In its broadest conception, the term “biofuels” implies the action of living organ­isms in one or more of the steps required to reduce inorganic carbon to an energy — dense form: the capture of energy and transduction of that energy to a usable form; the reduction of carbon from the +4 oxidation state; and the elaboration of that reduced carbon into a final fuel molecule. The diversity of the microbial world— and especially of the deep oceans—is staggering: the ocean contains 300,000 times more bacteria than there are stars in the visible universe [59, 61]. Fewer than 1% of these microbes have been identified and fewer than 0.1% of marine microorganisms have been cultured [18, 29] . This astonishing store of diversity offers tremendous opportunities for many branches of science, including energy transduction and car­bon fi xation.

Photosynthesis is but one of the approaches to carbon fixation found in nature; myriad life forms exist in ecological niches where both reduced carbon and light are nonexistent. Such organisms assimilate energy from other energy rich (reduced) species, including H2, H2S, NH3 . and reduced metals ions. A group of so-called electrotrophs are capable of accepting reducing equivalents directly as electric current [39]. Many chemolithoautotrophs use carbon fixation cycles other than the CBB cycle, including the reductive acetyl-CoA, the reductive citric acid, and 3-hydroxypropionate-4-hydroxybutyrate cycles; some of these pathways offer significant advantages over the CBB cycle [5]. Such organisms might serve as factories for the high-efficiency production of liquid fuels from renewable forms of energy.

To address these fundamental questions the Electrofuels program seeks routes to biofuels that surpass the inherent limitations of photosynthesis. At the core of the program are chemolithoautotrophic microorganisms, organisms capable of fixing and reducing inorganic carbon but that derive energy from a variety of inor­ganic substrates.
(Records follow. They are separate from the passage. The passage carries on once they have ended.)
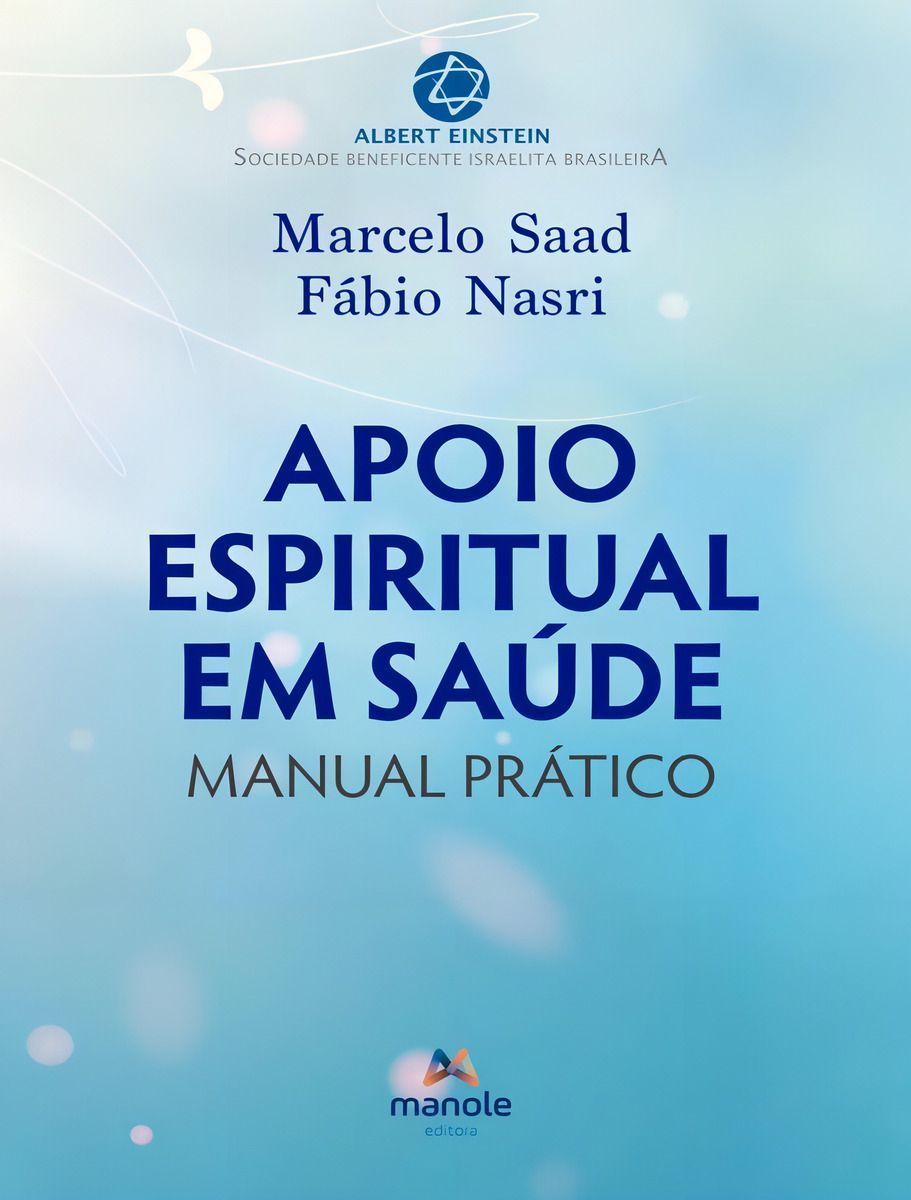 Apoio Espiritual Em Saúde - Manual Prático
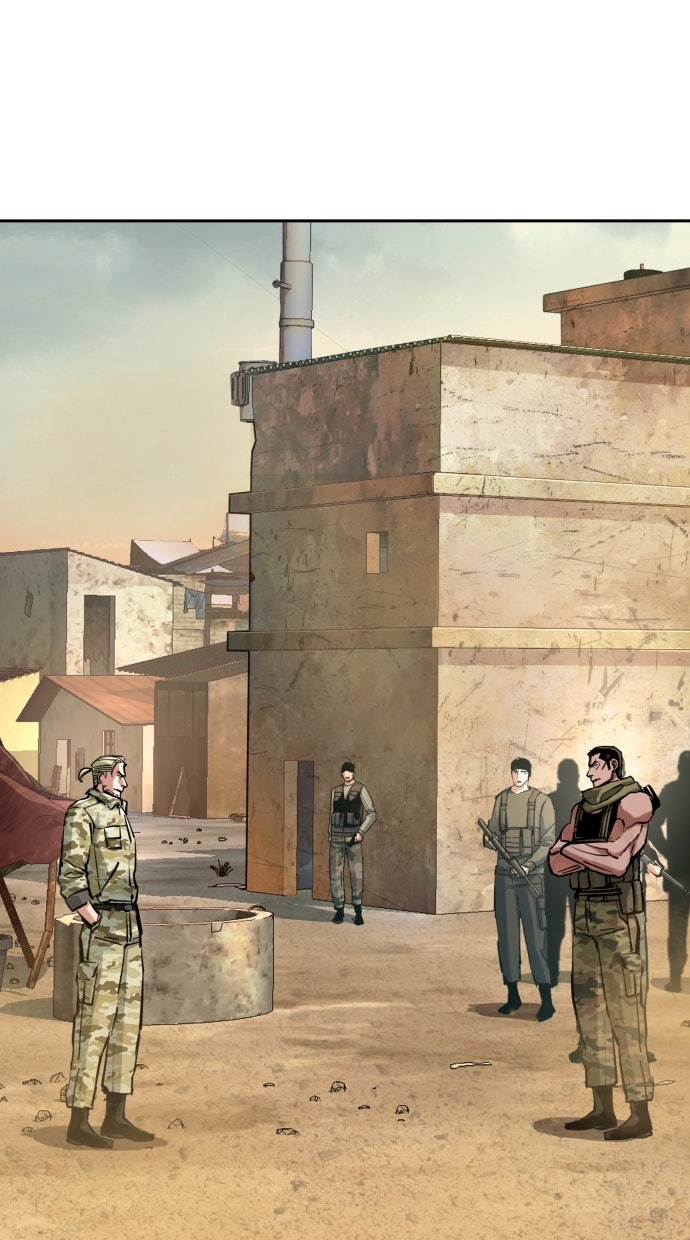 Read Teenage Mercenary Manga Online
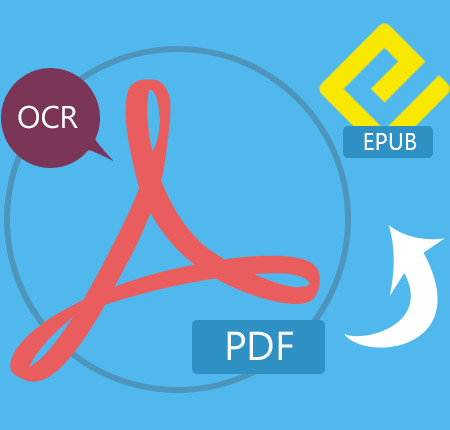 converting pdf to epub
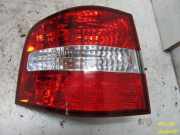 Rückfahrleuchte Rückleuchte links aussen Kratzer siehe Foto FIAT STILO MULTI WAGON (192) 1.9 D MULTIJET 88 KW 46758989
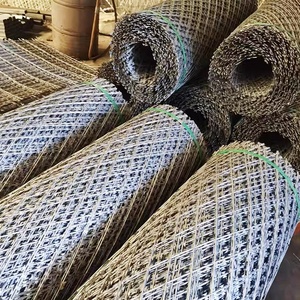 Cắt dao cạo dây lưới mạ kẽm hàn dao cạo dây lưới kim cương lưới - Product Image 5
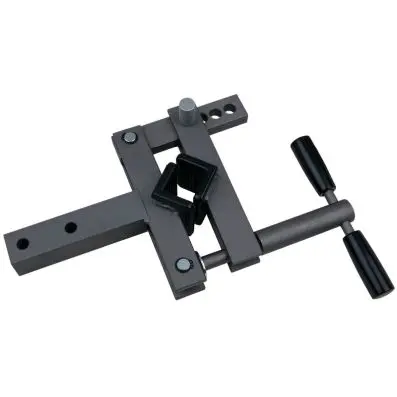 Universal spring foot bracket 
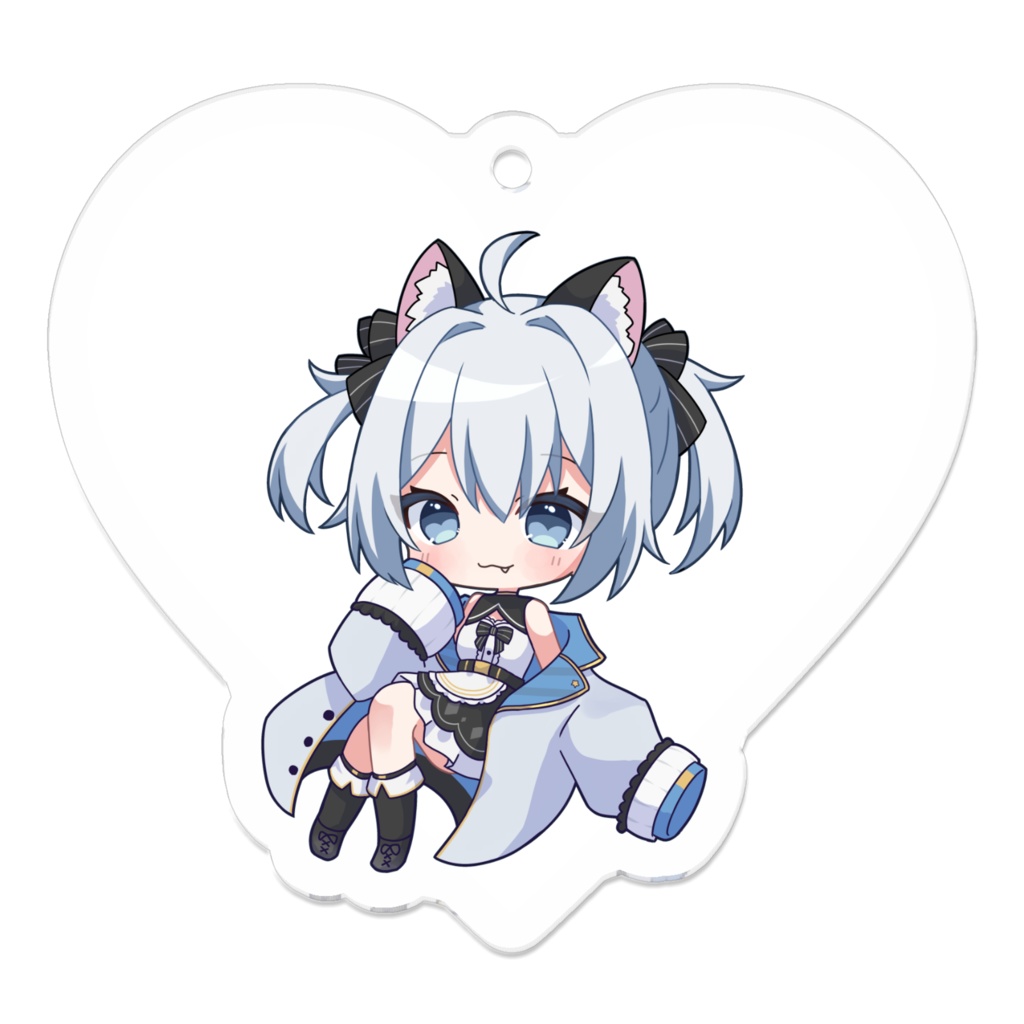 にこにこくろひな【S】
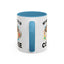 Office Mug - My Blood Type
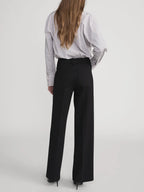 The Slim Palazzo Trouser - Modernist Pocket
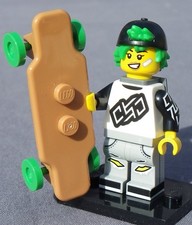 LEGO 71048 mini figurine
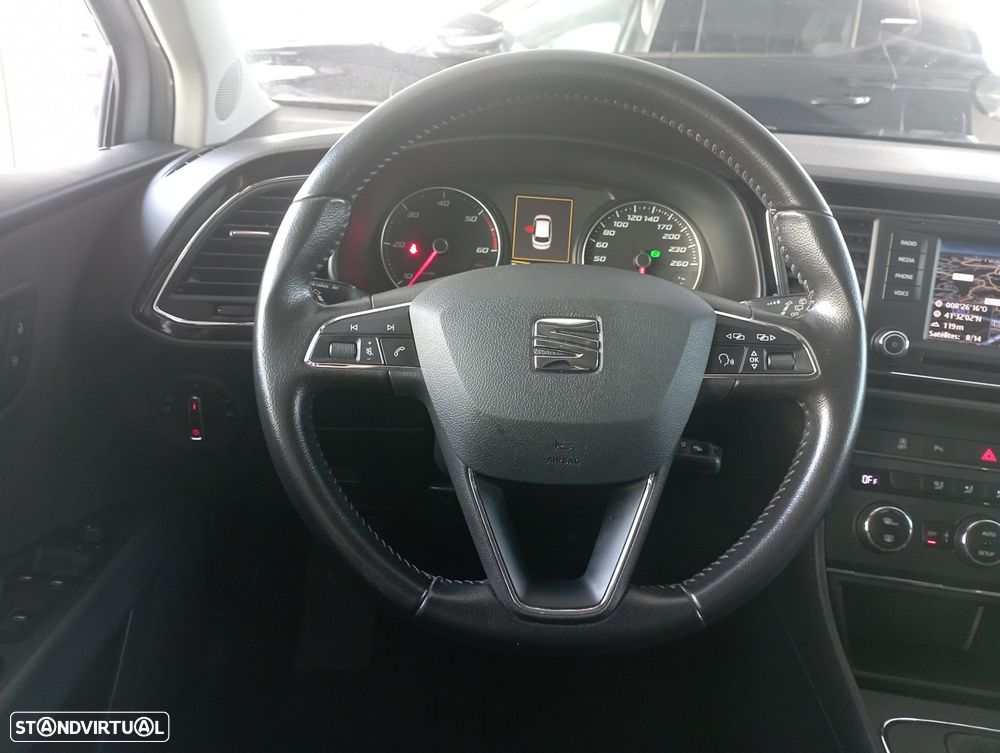 SEAT Leon ST 1.6 TDI Style DSG S/S - 13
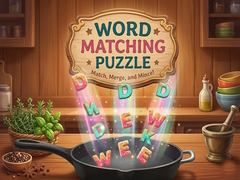 Spil Word Matching Puzzle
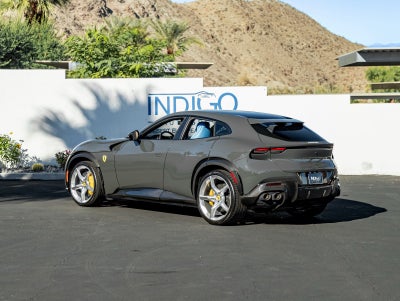 2025 Ferrari Purosangue Base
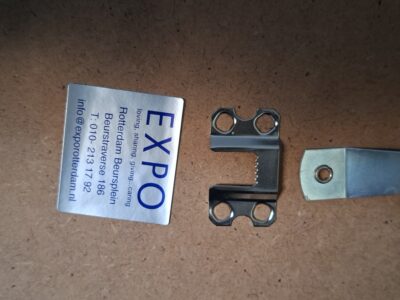 EXPO Drieluik Fotolijst 23x50 cm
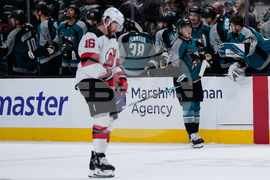 Devils Sharks Hockey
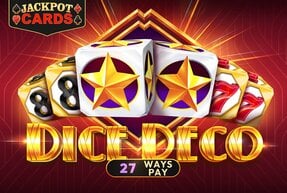 Ігровий автомат Dice Deco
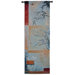 Blue Breeze Tapestry Wall Hanging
Such microorganisms might produce renewable biofuels from solar electricity, either directly or through the agency of a soluble mediator. This solar electricity could come from photovoltaic cells that even now capture >20% of the total solar spectrum [ 25] ; or the energy could come from other renewable sources (hydro, wind, wave, tidal), or non-fossil-based heat (geothermal, concentrating solar, nuclear). The approaches considered under the Electrofuels program tap the enormous and largely unexplored diversity of the microbial world, and may offer routes to advanced biofuels significantly more efficient, scalable and feedstock- flexible than routes based on photosynthesis.